Absurdly Driven usually looks at the world of business with a skeptical eye and a firmly rooted tongue in cheek. 

Things are opening up a little.

At least that's how it seems, as America begins to peek into the outside world and contemplate taking a step or two forward.

It's a dangerous process, fraught with risk. 

Yet some of the businesses most severely hit are already making preparations for a radically new tomorrow. It's a difficult process, especially if competing brands all feel they should now offer the same thing.

As restaurant owners wonder how they will keep customers at least six feet apart, hotel owners contemplate where and how they might suddenly garner business.

Many of the changes they're contemplating revolve around safety and security. Some will seem strange, even borderline disturbing.

Recently, I wrote about how Hilton has already made enormous changes to its cleaning processes, in partnership with Lysol and the Mayo Clinic. It's something the chain believes will be integral to its brand.

For its part, Marriott has now expressed its vision for how its hotels will change.

We will operate a bit differently going forward.

One change may seem quite peculiar to guests, if entirely understandable.

It seems that housekeeping services during your stay may be less pronounced than housekeeping services between stays.

Personally, I've always appreciated hotel housekeeping coming in every day, cleaning and making the bed. Smooth sheets on a comfortable bed are one of the core values of a good hotel stay.

Yet now, a greater emphasis will be placed on ensuring a clinical spotlessness before you arrive and after you leave.
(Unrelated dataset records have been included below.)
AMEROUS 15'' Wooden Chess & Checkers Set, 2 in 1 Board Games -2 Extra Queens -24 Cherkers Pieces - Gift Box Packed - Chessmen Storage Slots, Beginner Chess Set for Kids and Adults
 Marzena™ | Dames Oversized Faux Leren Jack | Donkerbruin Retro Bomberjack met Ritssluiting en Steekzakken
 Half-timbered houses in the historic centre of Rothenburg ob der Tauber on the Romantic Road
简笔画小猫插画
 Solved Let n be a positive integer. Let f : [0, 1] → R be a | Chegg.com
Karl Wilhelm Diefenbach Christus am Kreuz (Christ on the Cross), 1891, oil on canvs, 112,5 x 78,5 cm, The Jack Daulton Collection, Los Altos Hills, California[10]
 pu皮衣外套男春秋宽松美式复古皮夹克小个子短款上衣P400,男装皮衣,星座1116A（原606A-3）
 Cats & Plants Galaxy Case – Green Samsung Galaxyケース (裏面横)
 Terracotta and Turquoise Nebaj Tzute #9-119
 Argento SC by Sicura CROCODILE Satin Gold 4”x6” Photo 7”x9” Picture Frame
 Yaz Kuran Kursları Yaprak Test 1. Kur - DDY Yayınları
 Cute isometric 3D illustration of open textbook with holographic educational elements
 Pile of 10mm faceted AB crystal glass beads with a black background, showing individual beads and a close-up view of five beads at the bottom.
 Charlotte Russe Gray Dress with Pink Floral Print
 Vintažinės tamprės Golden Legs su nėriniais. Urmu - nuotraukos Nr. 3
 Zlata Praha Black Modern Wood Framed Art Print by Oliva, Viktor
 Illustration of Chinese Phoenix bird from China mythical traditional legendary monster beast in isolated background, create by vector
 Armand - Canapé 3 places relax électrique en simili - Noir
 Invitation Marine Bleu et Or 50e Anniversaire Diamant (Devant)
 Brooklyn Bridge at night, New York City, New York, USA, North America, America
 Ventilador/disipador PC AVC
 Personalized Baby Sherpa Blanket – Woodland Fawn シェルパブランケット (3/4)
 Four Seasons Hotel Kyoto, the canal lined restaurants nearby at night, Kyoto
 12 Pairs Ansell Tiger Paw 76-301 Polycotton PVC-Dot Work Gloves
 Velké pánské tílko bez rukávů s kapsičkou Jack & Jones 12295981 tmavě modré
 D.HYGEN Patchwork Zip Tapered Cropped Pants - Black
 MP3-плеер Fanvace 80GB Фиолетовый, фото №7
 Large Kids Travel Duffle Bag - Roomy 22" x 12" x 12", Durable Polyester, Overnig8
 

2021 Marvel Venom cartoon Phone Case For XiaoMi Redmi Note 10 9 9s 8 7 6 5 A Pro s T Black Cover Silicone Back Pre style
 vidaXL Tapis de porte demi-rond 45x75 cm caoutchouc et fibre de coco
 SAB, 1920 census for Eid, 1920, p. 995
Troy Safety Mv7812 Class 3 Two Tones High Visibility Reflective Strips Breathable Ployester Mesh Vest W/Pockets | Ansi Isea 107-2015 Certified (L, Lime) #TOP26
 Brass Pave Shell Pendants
As Skift put Sorenson's thoughts: "Housekeeping will likely occur more between stays rather than during."

The controversy over hotel cleanliness has been long and painful. Some have been exposed for omitting even the most basic hygienic gestures. This hasn't been confined to the cheaper hotels, either.

At heart, then, cleanliness will likely become one of the biggest marketing features in hospitality -- and, indeed, in many businesses beyond that.

Yet is it enough? Every hotel chain will surely offer its own, likely trademarked version of cleanliness.

For guests, this will take some readjustment. Simple things such as odor may be palpably different.

Yet cleanliness isn't the only thing the hotel business -- or any other brand where physical contact is involved -- must address.

Logic suggests more customers will drive to their destinations, rather than fly.

The expectation is, therefore, that many more visitors will be local rather than long-distance or international. Gaining their emotional enthusiasm beyond cleanliness is the first step toward deserving their loyalty. 

There's little more important to a hospitality business than customers who come again and again.

In Marriott's case, of course it'll market itself aggressively in the hope of gaining maximum market share, at a time when its scale gives it considerable advantages and it can make special offers seem unusually special.

But now is the time when many businesses -- large and small -- have to consider how to fundamentally alter the experiences they offer. They're now catering to customers whose psyches have been deeply affected by the coronavirus outbreak.

First, think about what your customers really want now. It's not going to be the same as they wanted before. And it's not going to just revolve around health and safety.

Next, anticipate what elements might surprise that customer in a positive way.

Finally -- and certainly the most difficult -- find some way to still deliver the personal touch.

That is something that a new approach to cleanliness only begins to address.